Description of the task
Can you set down, exactly as they appear below, the lines from the opening of the material through the one bearing "Close-up of pink", minus the pictures?

Data for this task

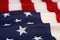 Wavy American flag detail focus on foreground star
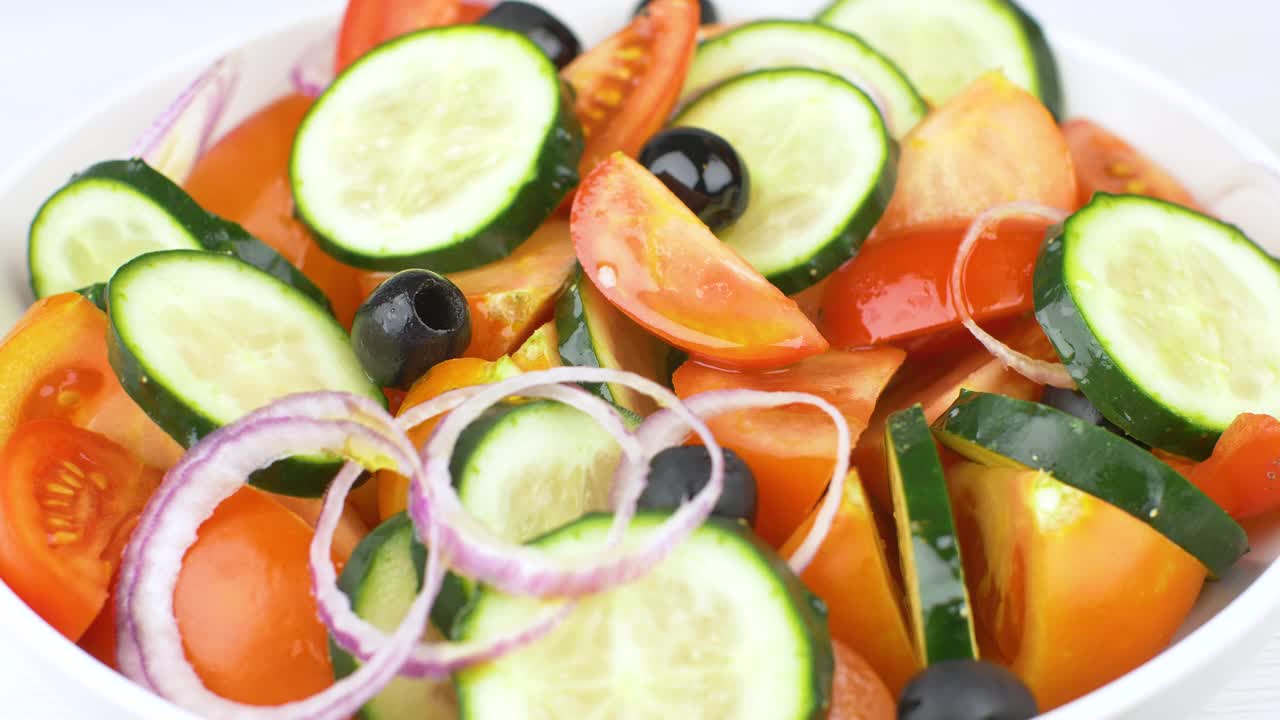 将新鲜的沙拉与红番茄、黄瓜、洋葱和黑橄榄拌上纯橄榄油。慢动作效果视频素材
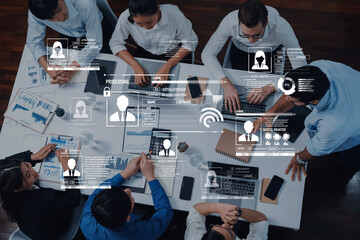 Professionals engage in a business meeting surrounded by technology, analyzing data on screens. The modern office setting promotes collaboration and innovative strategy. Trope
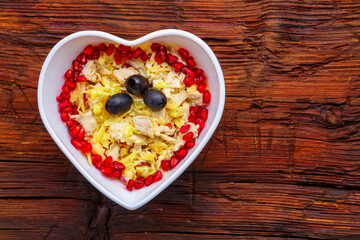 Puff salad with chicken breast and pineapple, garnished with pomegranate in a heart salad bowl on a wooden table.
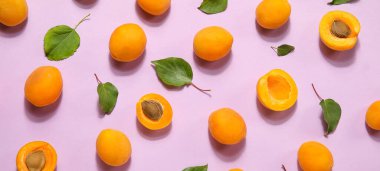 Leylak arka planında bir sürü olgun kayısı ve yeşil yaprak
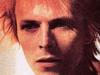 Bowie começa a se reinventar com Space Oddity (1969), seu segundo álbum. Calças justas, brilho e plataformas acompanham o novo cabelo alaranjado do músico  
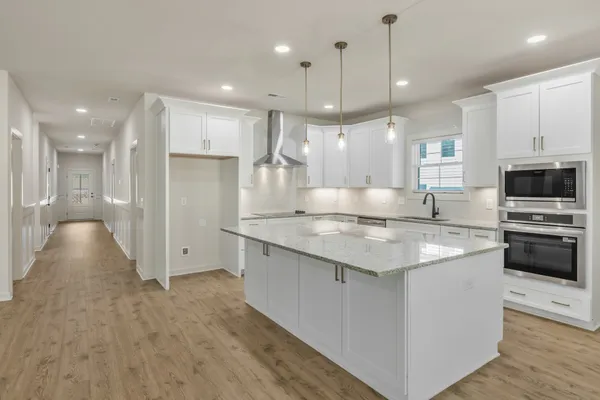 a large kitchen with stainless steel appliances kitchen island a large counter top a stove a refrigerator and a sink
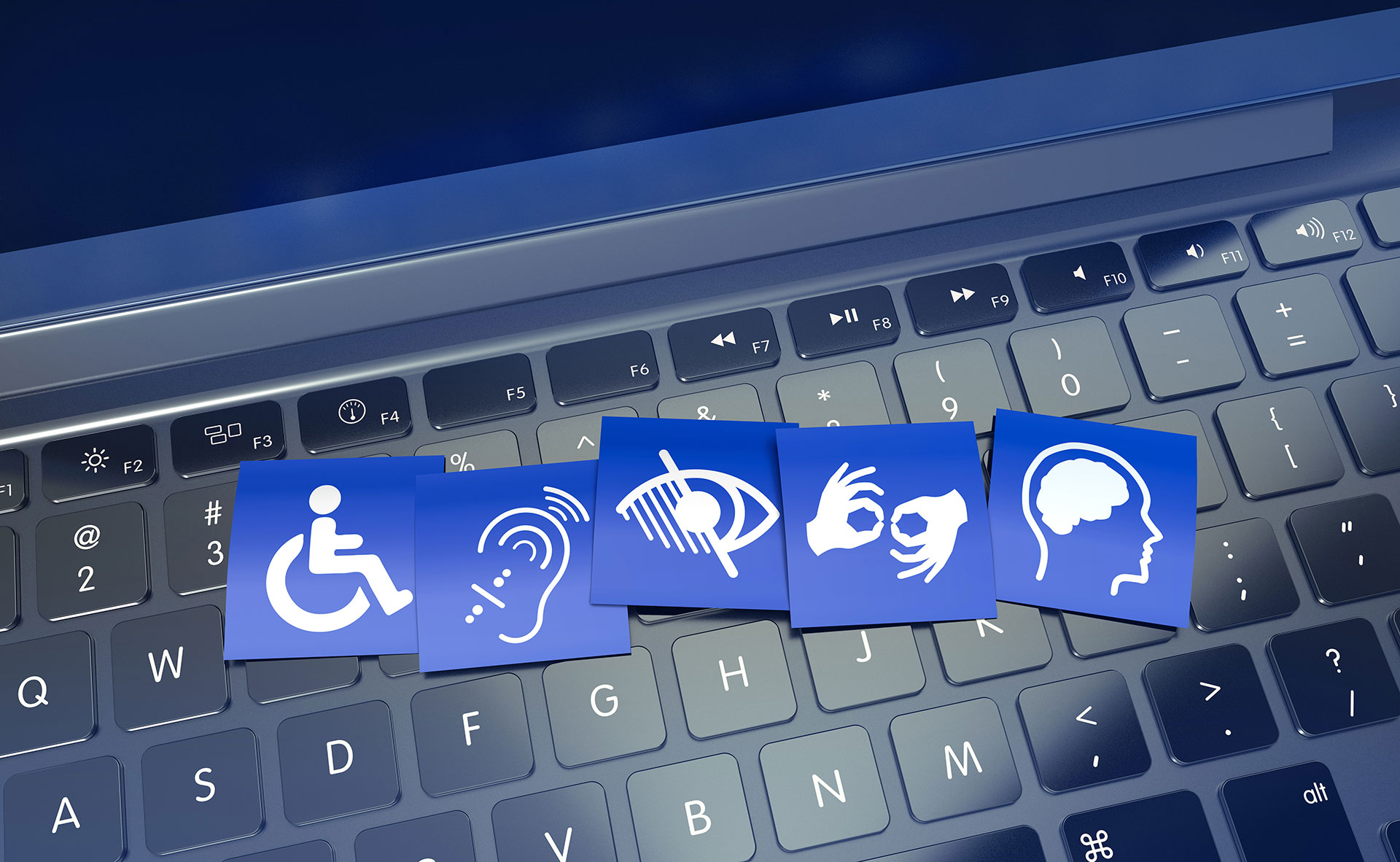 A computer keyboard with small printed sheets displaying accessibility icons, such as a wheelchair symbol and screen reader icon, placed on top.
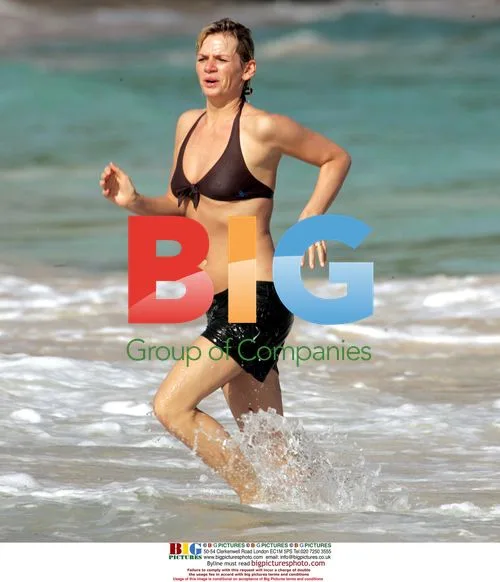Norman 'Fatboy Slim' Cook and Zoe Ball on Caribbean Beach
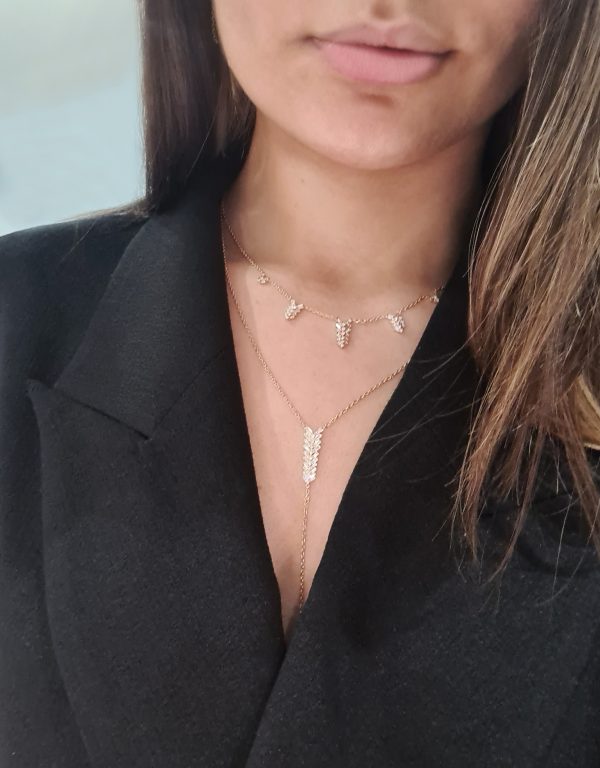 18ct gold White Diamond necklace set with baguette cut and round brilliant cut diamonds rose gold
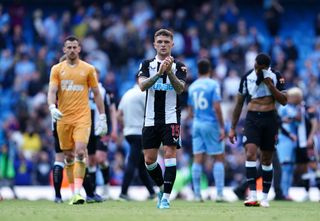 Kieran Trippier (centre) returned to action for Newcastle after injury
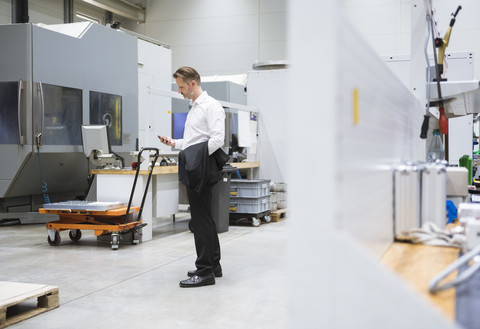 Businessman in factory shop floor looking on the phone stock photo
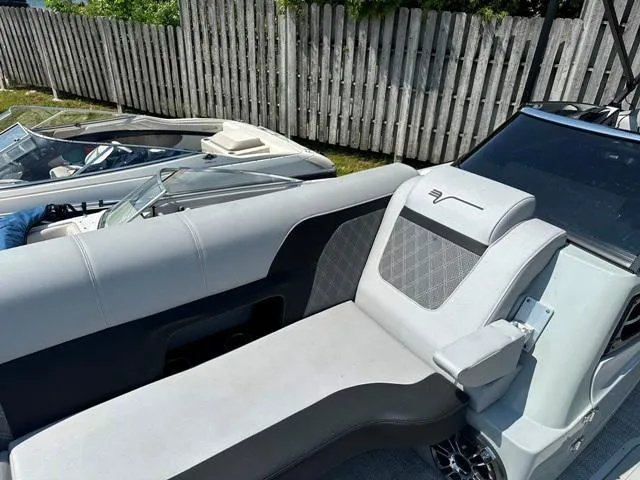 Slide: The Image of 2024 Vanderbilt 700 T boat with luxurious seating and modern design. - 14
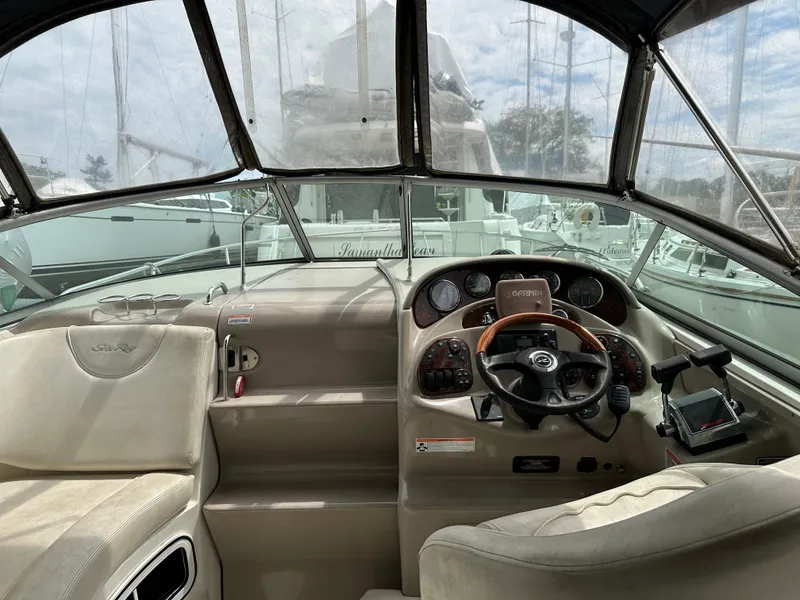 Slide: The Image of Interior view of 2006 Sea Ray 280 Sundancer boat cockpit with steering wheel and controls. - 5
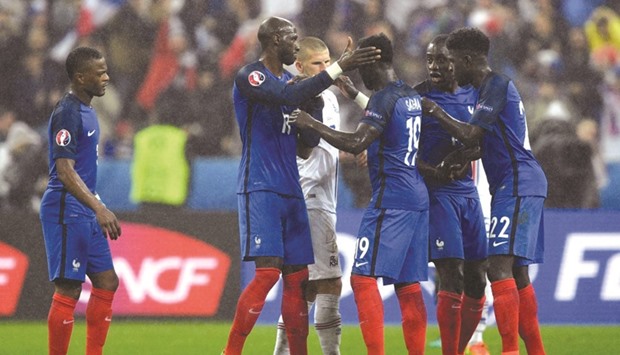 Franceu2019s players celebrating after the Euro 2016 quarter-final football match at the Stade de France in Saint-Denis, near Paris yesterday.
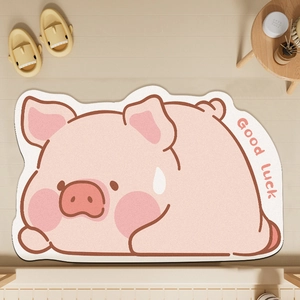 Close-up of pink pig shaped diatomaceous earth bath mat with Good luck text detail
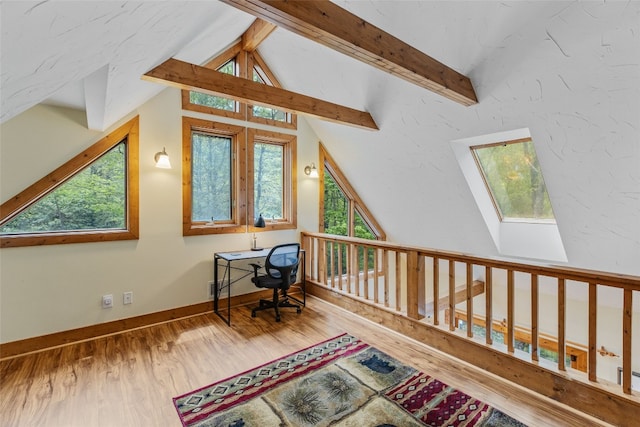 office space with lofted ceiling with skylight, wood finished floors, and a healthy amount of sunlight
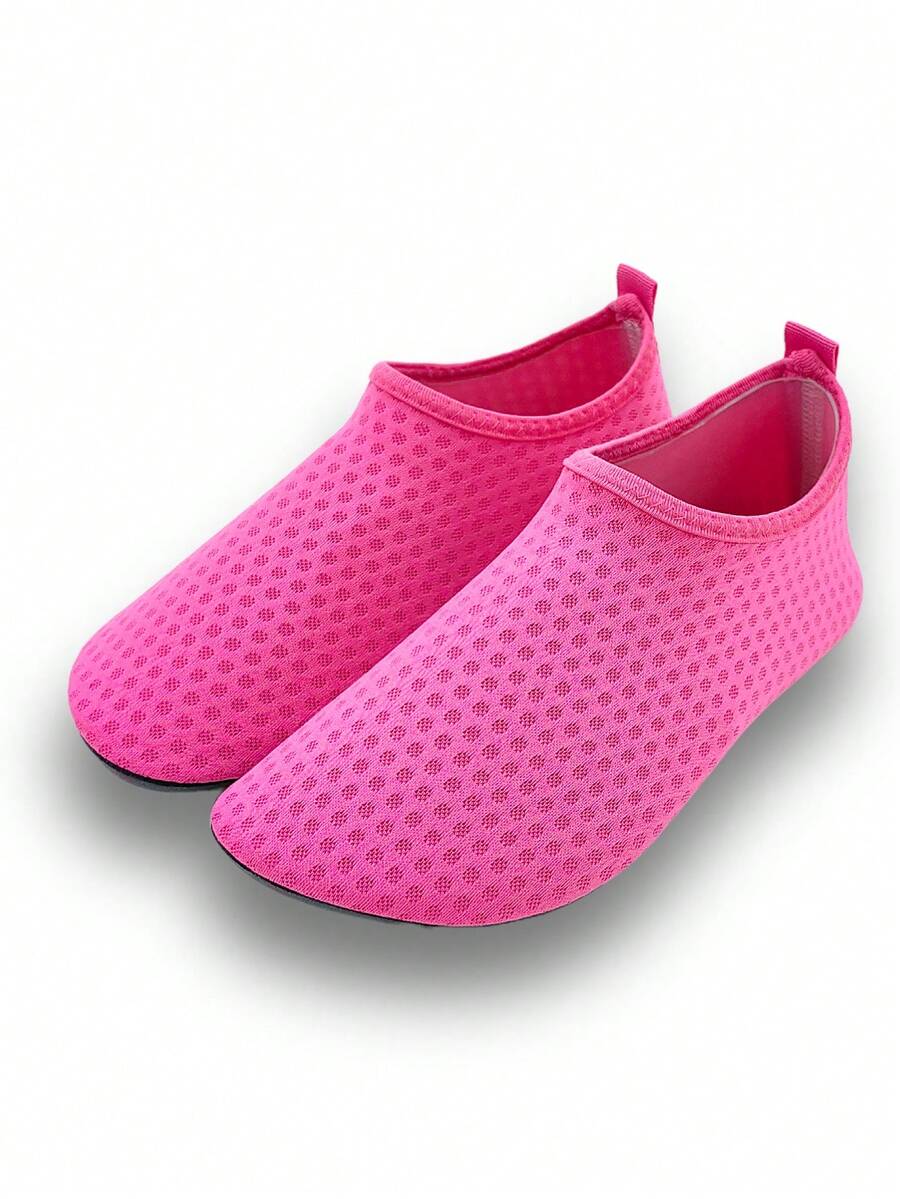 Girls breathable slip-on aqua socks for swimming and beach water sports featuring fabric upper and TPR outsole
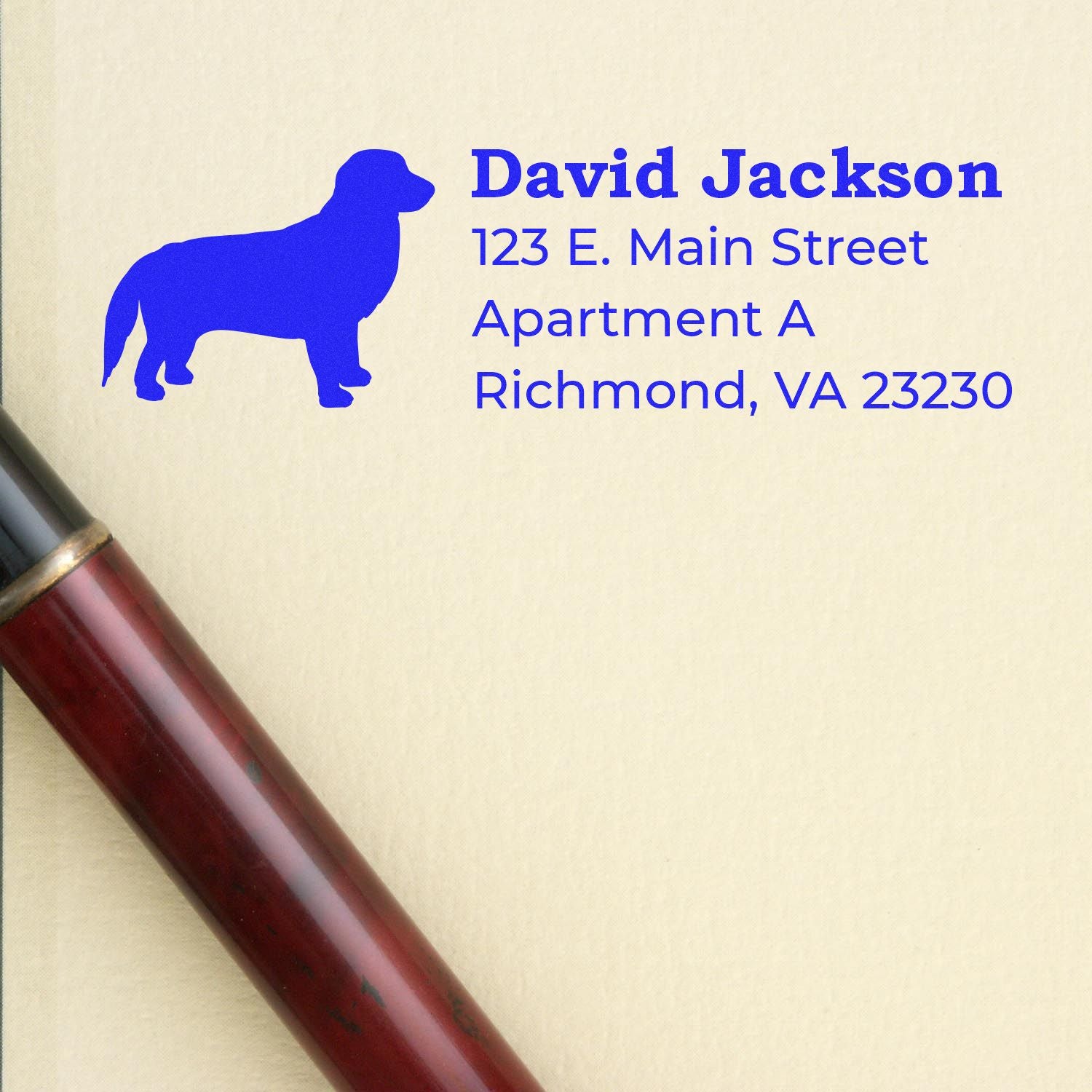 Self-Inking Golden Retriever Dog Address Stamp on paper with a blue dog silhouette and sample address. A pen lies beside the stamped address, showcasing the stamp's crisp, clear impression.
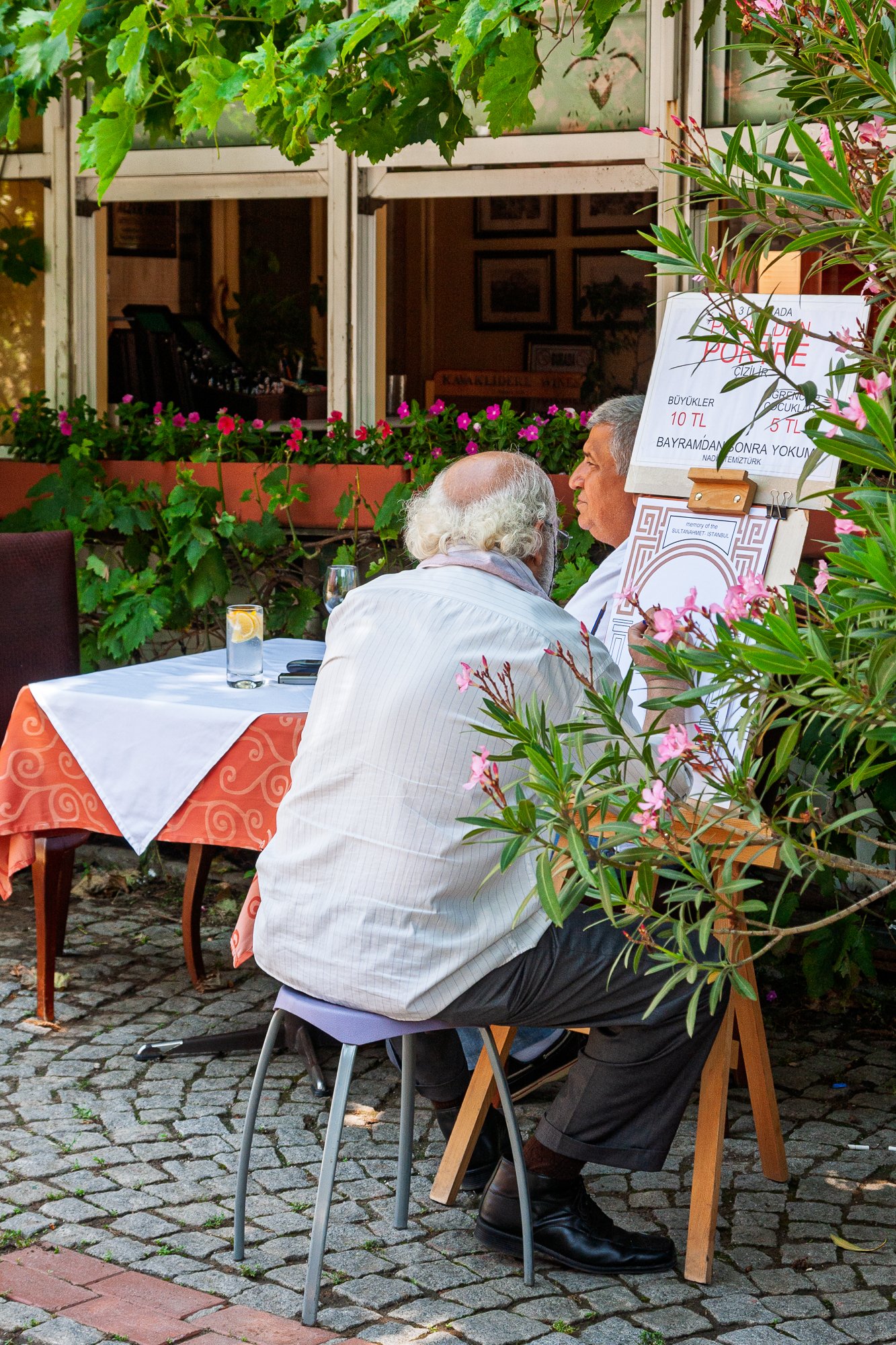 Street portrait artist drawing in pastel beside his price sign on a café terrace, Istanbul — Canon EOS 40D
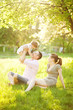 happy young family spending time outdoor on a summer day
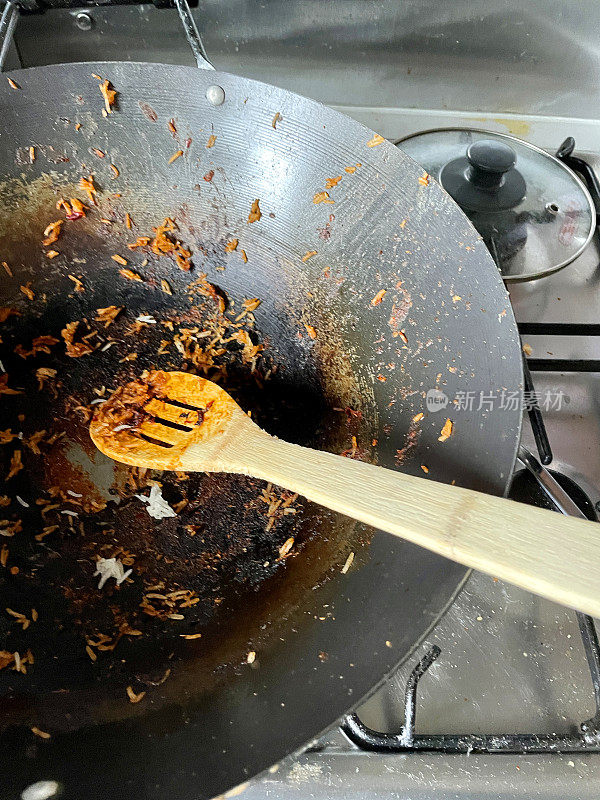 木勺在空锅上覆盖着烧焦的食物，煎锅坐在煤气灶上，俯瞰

Reply to the exercise
 Wavy American flag detail focus on foreground star
 将新鲜的沙拉与红番茄、黄瓜、洋葱和黑橄榄拌上纯橄榄油。慢动作效果视频素材
 Professionals engage in a business meeting surrounded by technology, analyzing data on screens. The modern office setting promotes collaboration and innovative strategy. Trope
 Puff salad with chicken breast and pineapple, garnished with pomegranate in a heart salad bowl on a wooden table.
 Leylak arka planında bir sürü olgun kayısı ve yeşil yaprak
 Bowie começa a se reinventar com Space Oddity (1969), seu segundo álbum. Calças justas, brilho e plataformas acompanham o novo cabelo alaranjado do músico  
 a large kitchen with stainless steel appliances kitchen island a large counter top a stove a refrigerator and a sink
 A computer keyboard with small printed sheets displaying accessibility icons, such as a wheelchair symbol and screen reader icon, placed on top.
Norman 'Fatboy Slim' Cook and Zoe Ball on Caribbean Beach
 18ct gold White Diamond necklace set with baguette cut and round brilliant cut diamonds rose gold
 Kieran Trippier (centre) returned to action for Newcastle after injury
 Businessman in factory shop floor looking on the phone stock photo
 Slide: The Image of 2024 Vanderbilt 700 T boat with luxurious seating and modern design. - 14
 Slide: The Image of Interior view of 2006 Sea Ray 280 Sundancer boat cockpit with steering wheel and controls. - 5
 Franceu2019s players celebrating after the Euro 2016 quarter-final football match at the Stade de France in Saint-Denis, near Paris yesterday.
 Close-up of pink pig shaped diatomaceous earth bath mat with Good luck text detail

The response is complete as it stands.